While this paper effectively states the issue of the prevalence of poor acoustical performance in schools, it is also being used as the basis to make the case for the need for more research in this area. Research such as this has been used to help develop ANSI Standard S12.60-2002, “Acoustical Performance Criteria, Design Requirements and Guidelines for Schools.” This national standard is used as a basis for determining currently acceptable levels of acoustic performance in schools and as a basis for demonstrating compliance with the LEED® acoustic performance requirements.
Beyond the LEED for Schools basic prerequisite requirement, there is also an additional IEQ credit for “Enhanced Acoustic Performance.” The stated intent of this credit is “To provide classrooms that facilitate better teacher-to-student and student-to-student communications through effective acoustical design.” In other words, it acknowledges the design efforts of improving acoustical design beyond the minimum prerequisite level to achieve better environments for speech communication and education. The basis for showing performance to earn this credit is also ANSI S12.60-2002. In order to achieve the this enhanced level of performance, a deeper understanding of acoustic principles and application strategies is required.

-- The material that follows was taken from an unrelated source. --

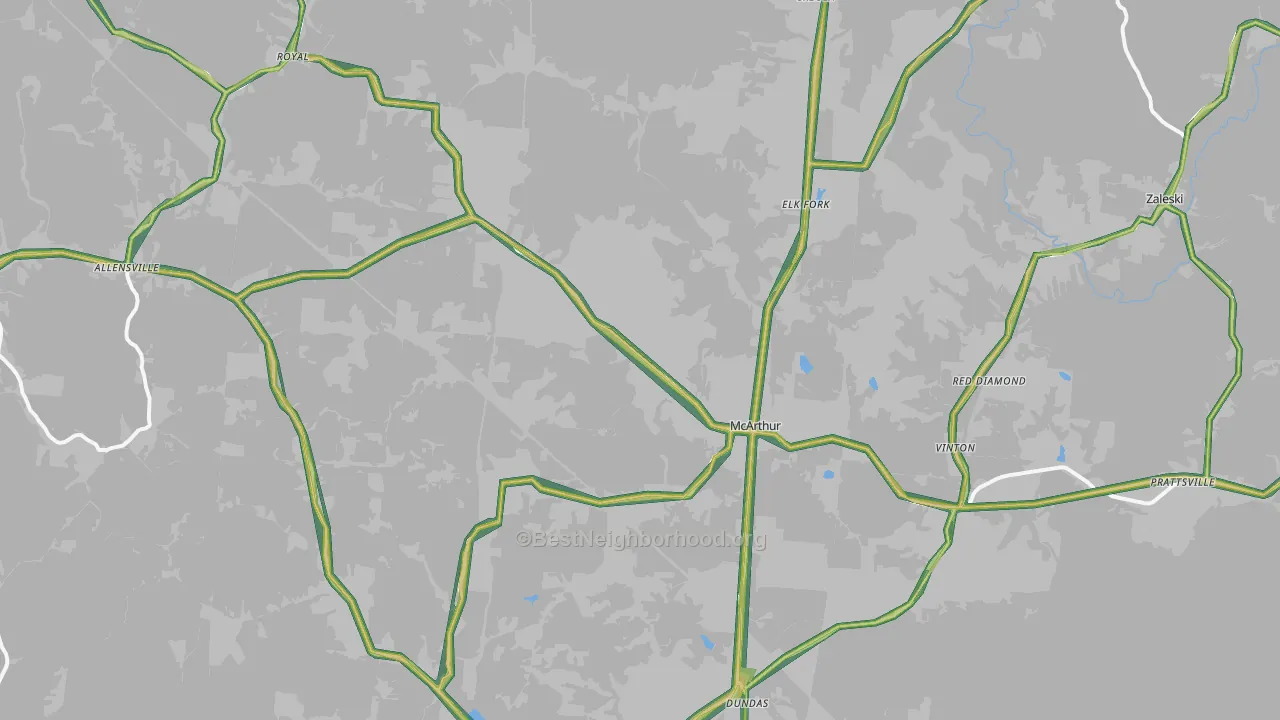 45651, OH Map of Noise Levels in 45651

Interior Acoustics Fundamentals
There are four fundamental aspects used to address acoustical design that are the basis of most of the work and standards discussed above. Taken together, these form the essence of what is referred to as “whole system” acoustical design.

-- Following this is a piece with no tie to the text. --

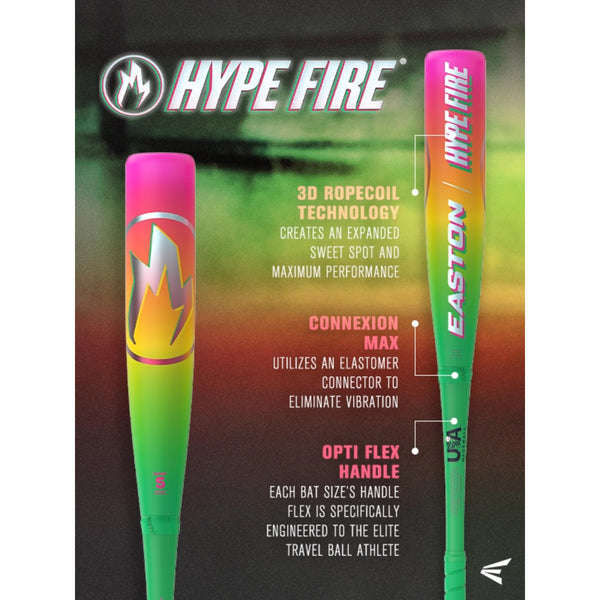 2026 Easton Hype FIRE USA Baseball Bat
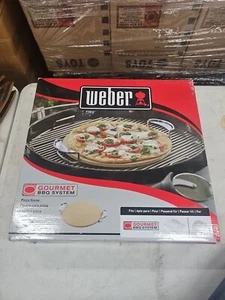 NEW Weber Original Gourmet BBQ System Pizza Stone Insert. Model 8836. 16.8 Inch - Picture 1 of 3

Noise in building spaces can come from a variety of sources such as building mechanical and electrical systems, outdoor activity such as transportation vehicles, or from people in adjacent indoor spaces. A certain amount of this noise in the background is certainly commonplace, but excessive background noise can seriously degrade the ability to communicate, thus making it more difficult for students to hear and for teachers to speak without raising their voices. It is generally accepted that most people would need to speak at least 15 decibels (dBA) louder than the background noise level in order to be heard at all. Therefore, ANSI Standard S12.60-2002 establishes some very stringent thresholds for background noise. Specifically, for core learning spaces of 20,000 cubic feet or less, the one-hour steady-state background noise levels should not exceed 35 dBA, while those over 20,000 cubic feet should not exceed 40 dBA. This is the same “faint” level of sound that one would experience in a quiet office. There is a caveat however that if the noisiest one-hour period during which learning activities take place is dominated by transportation noise, these maximum noise limits can each be increased by 5 dBA. The LEED prerequisite requirements follow these same ANSI thresholds for size and dBA levels of background noise, although it is only stated to address HVAC equipment noise.